写植の石井明朝体には、字面率が大きい「大かな」、字面率が小さい「小がな」というファミリー展開があった。

この考え方はデジタルタイプでも多く踏襲されている。標準(ノーマル)に対して、大かな(ラージ)、小がな(スモール)を制作する場合もある。

 

 

ウエイトの展開

写植の石井明朝体では、細・中・太・特太、つまりL・M・B・Eの四段階を基本としていた。

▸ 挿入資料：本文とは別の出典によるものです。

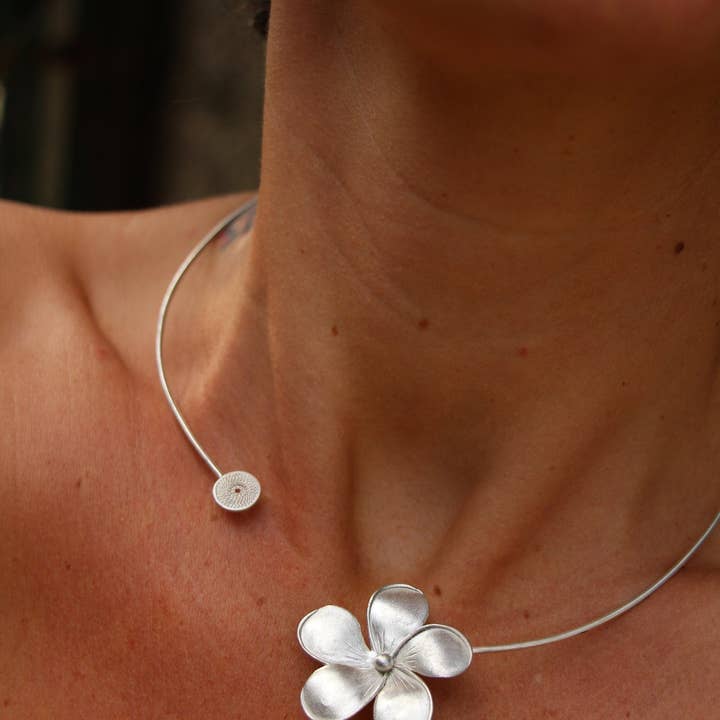 necklace “Filifrangipane” for wholesale by Etcaetera Création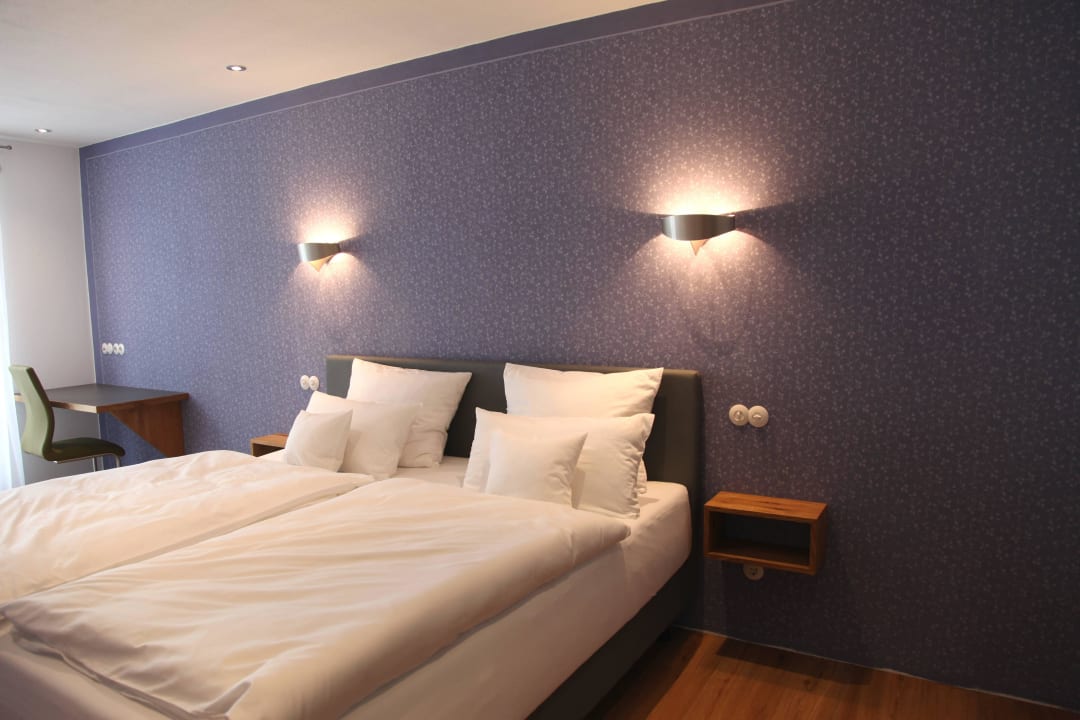 Zimmer Lavendelblau Gästehaus Luisenhof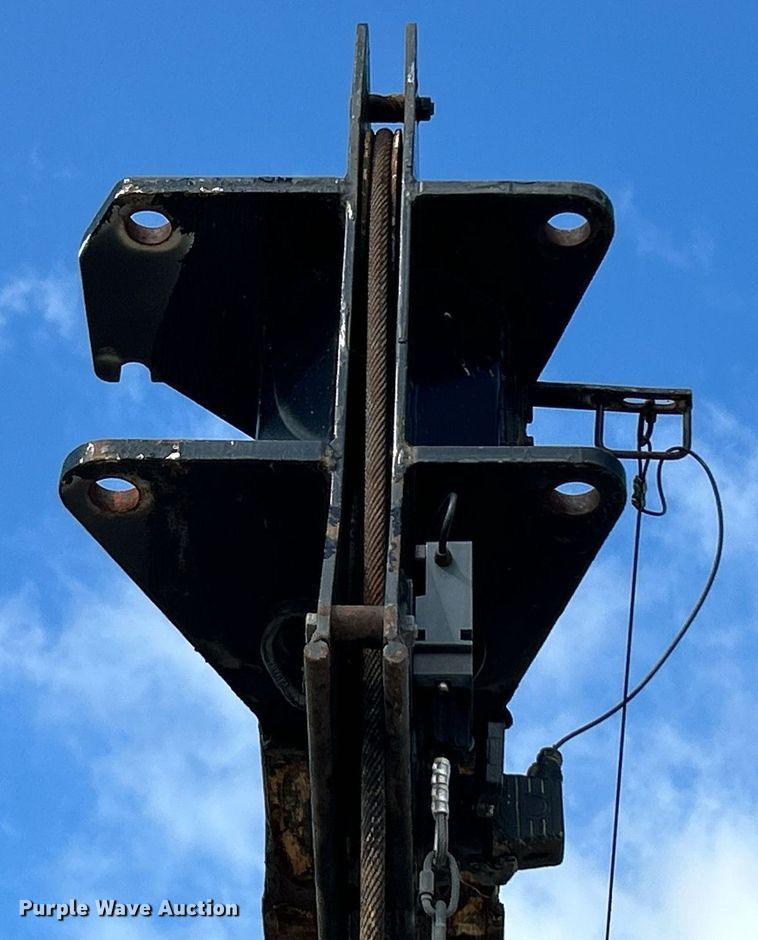 image for item DI7904 1990 Ford F800  crane truck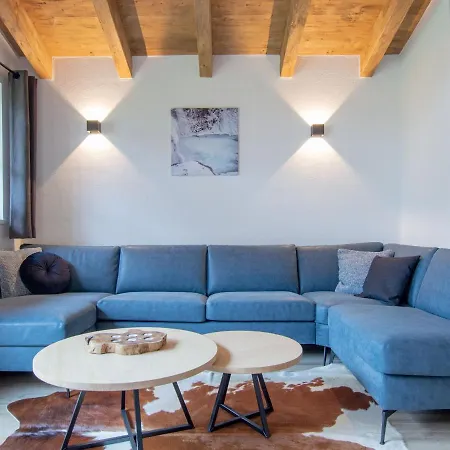 Spacious Chalet With Sauna In Krimml, 400 M From The Ski-bus Stop كريمل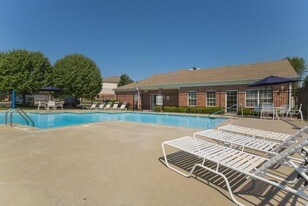 North Oak Crossing Apartments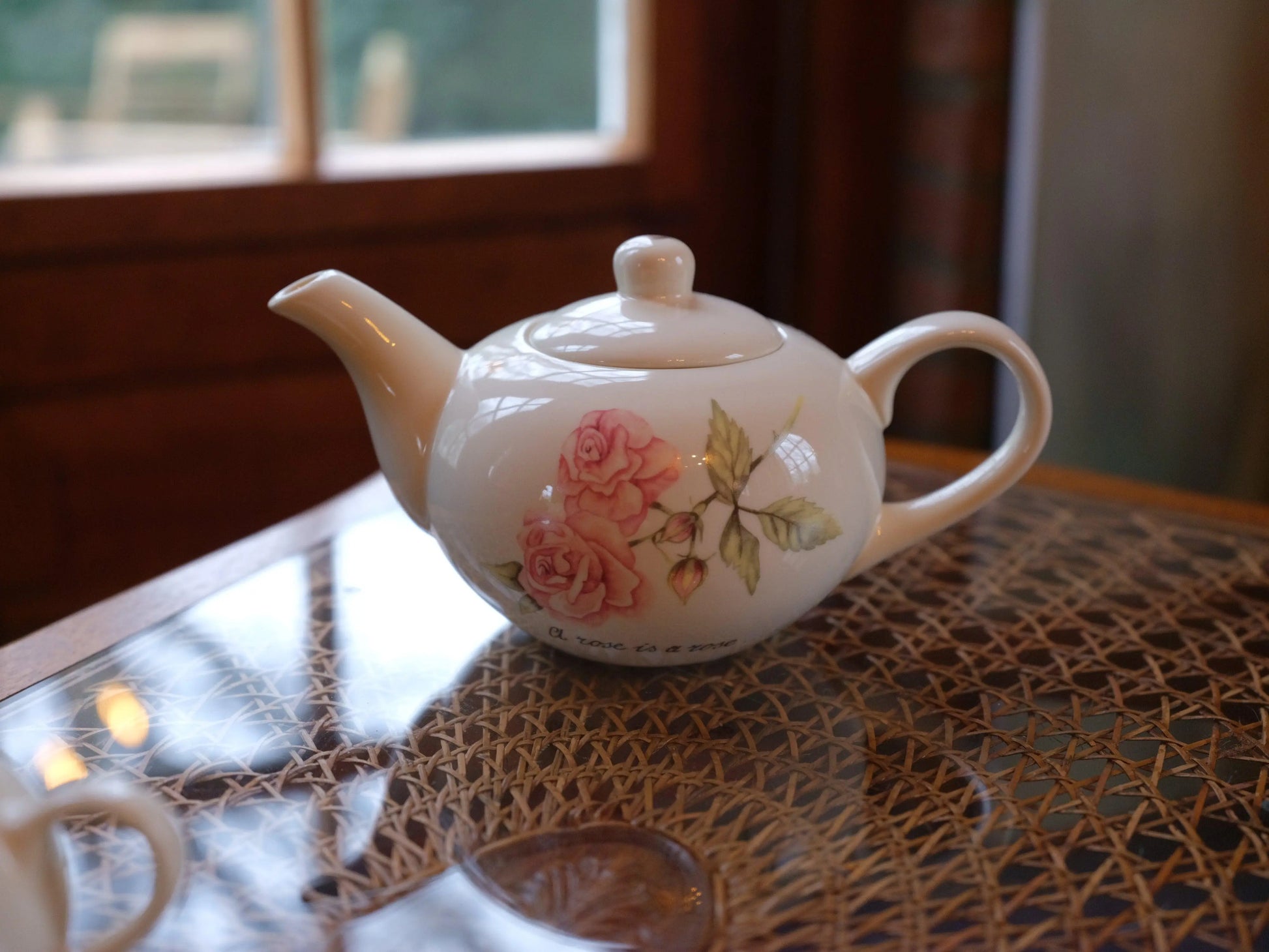 Thee servies The Rose - Bamestra Curiosa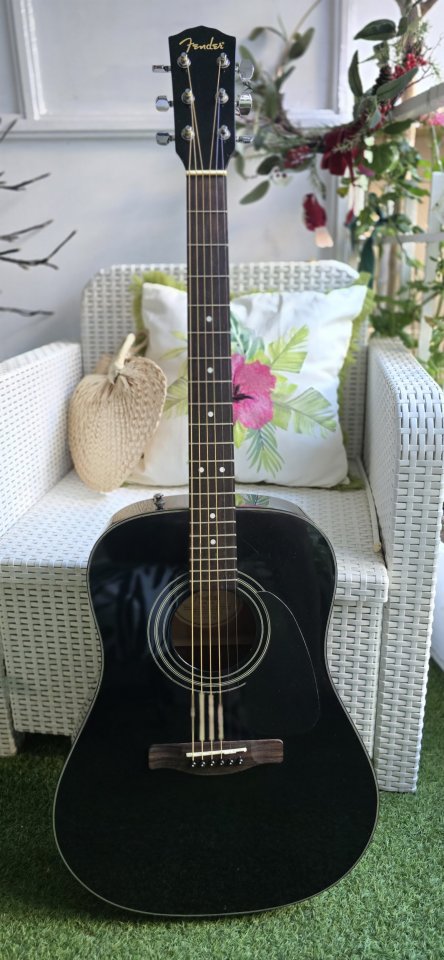 Guitarra Acústica Fender de segunda mano · Foto 7 de 10 · Madrid · 110 €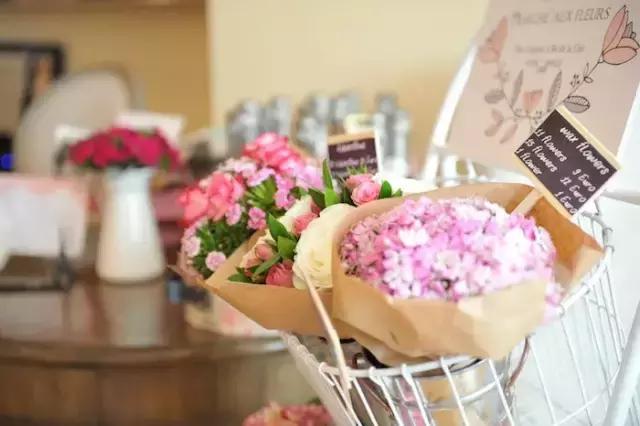 开一个花店大概能挣多少钱,成都开花店一个月能挣多少钱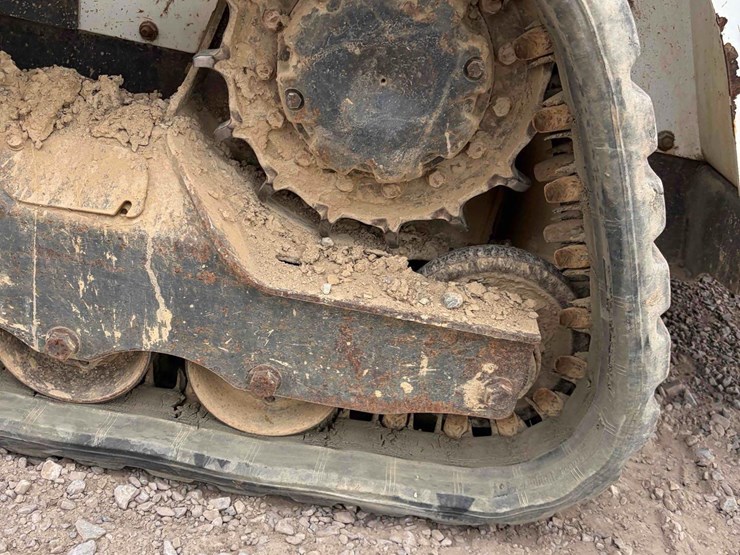 2018-bobcat-t595-image-6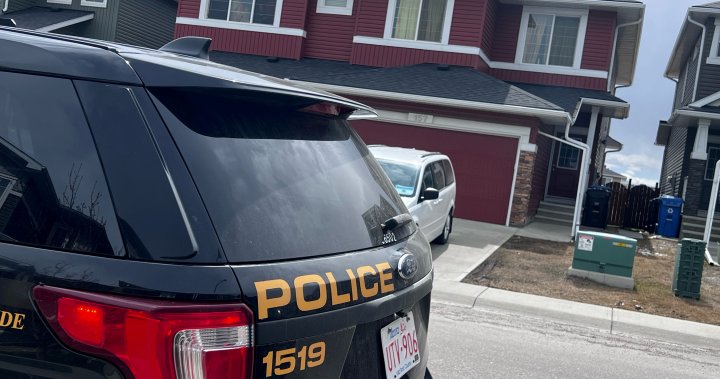 Calgary homicide unit investigates suspicious death in Redstone neighbourhood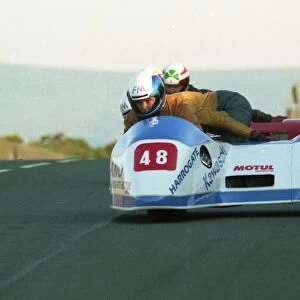 Michael Staiano & Peter Willis (Windle Yamaha) 1990 Sidecar TT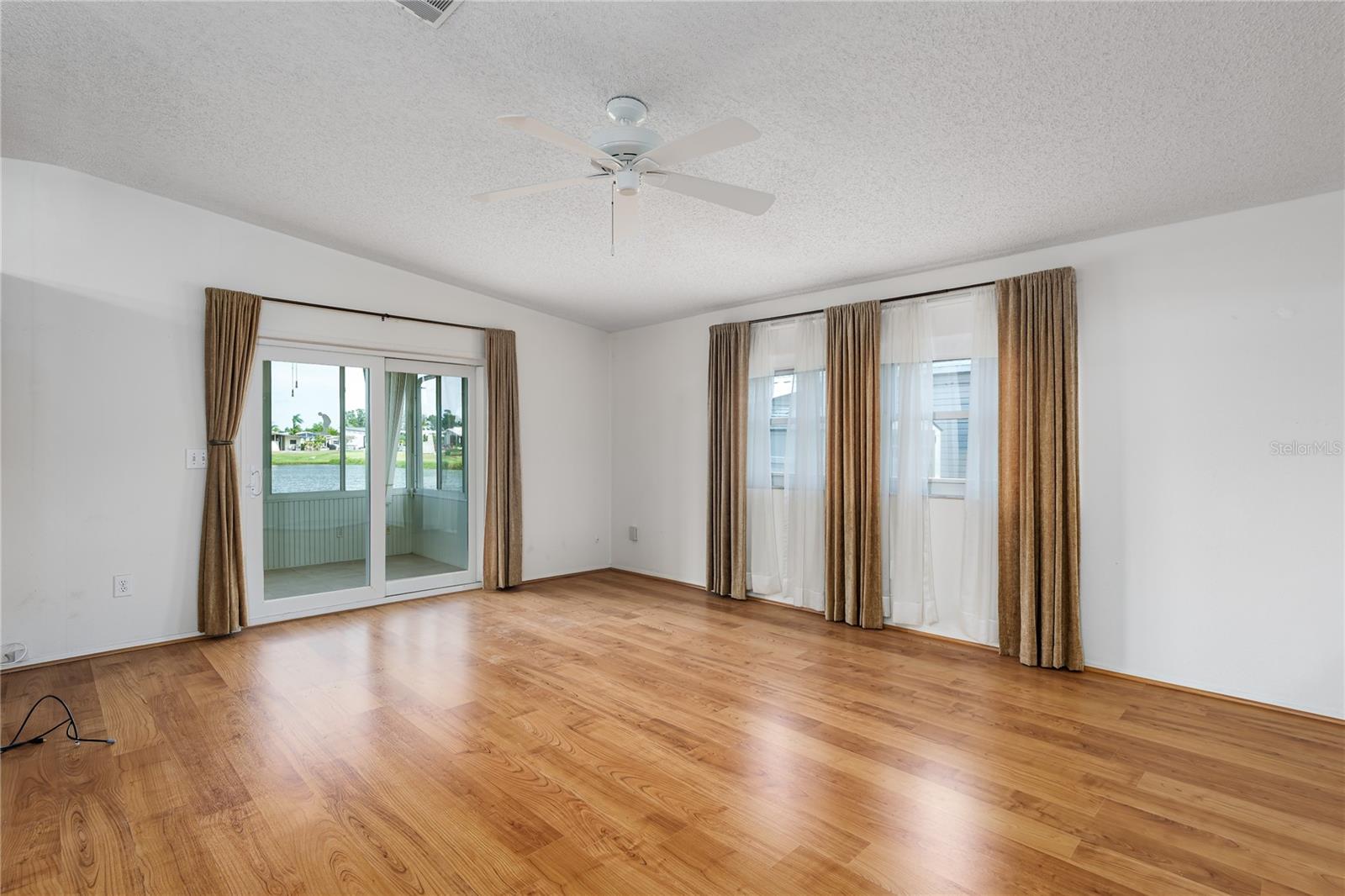 Image 14 of 31 For 8206 Marie Lane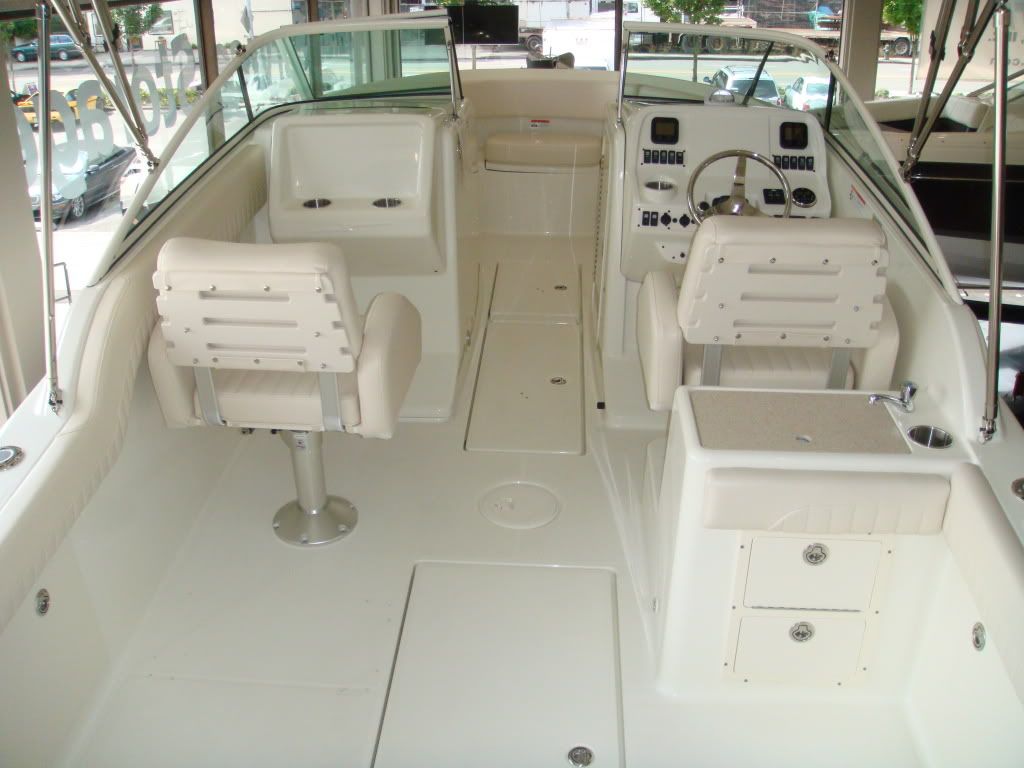 2011 Hydra-Sports 2300 Dual Console - $69995 (Mt. Vernon) 2011 Hydra-Sports 2300 Dual Console - $69995 (Mt. Vernon)
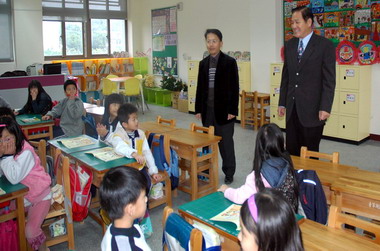 許明財勘查青草湖國小校務與學童上課情形(圖)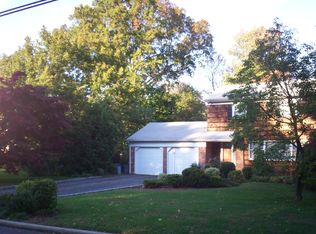 12 Chambers Ct, Huntington Station, NY 11746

電算写植やデジタルタイプでは、Tn(シン=Thin)、L(ライト=Light)、R(レギュラー=Regular)、M(メディウム=Medium)、DB(デミボールド=Demi Bold)、B(ボールド=Bold)、EB(エクストラボールド=Extra Bold)、UB(ウルトラボールド=Ultra Bold)、Bk(ブラック=Black)、H(ヘビー=heavy)のように、さらに細かいウエイト段階が設定されるようになっている。また、ウエイト段階の呼称として、W1~W9のように数字で表すこともある。

 

 

使用サイズの展開

写植のアンチック体に、小見出し用・中見出し用・大見出し用という例がある。

その使用サイズに適した書体にするということで、デジタルタイプでも書体名に「五号」とか「三十六ポ」とかが付けられたものはこれに相当する。使用サイズによってバリエーションを展開するということも、今後は考えられるのではないか。

 

 

組み方向の展開

石井細明朝体のモダンスタイルかな(仮称)では、縦組み用かなと横組み用かなが用意されていた。このように横組専用書体、縦組専用書体ということが考えられていいと思う。

 

 

ボディ幅の展開

漢字書体、和字書体のボディは正方形だとは限らない。いわゆる新聞用書体は平体(ワイド)が基本となっている。また、長体(コンデンス)の書体もある。写植では機械的な変形が可能になったが、どうしても歪みが生まれる。平体専用書体、長体専用書体が必要だろう。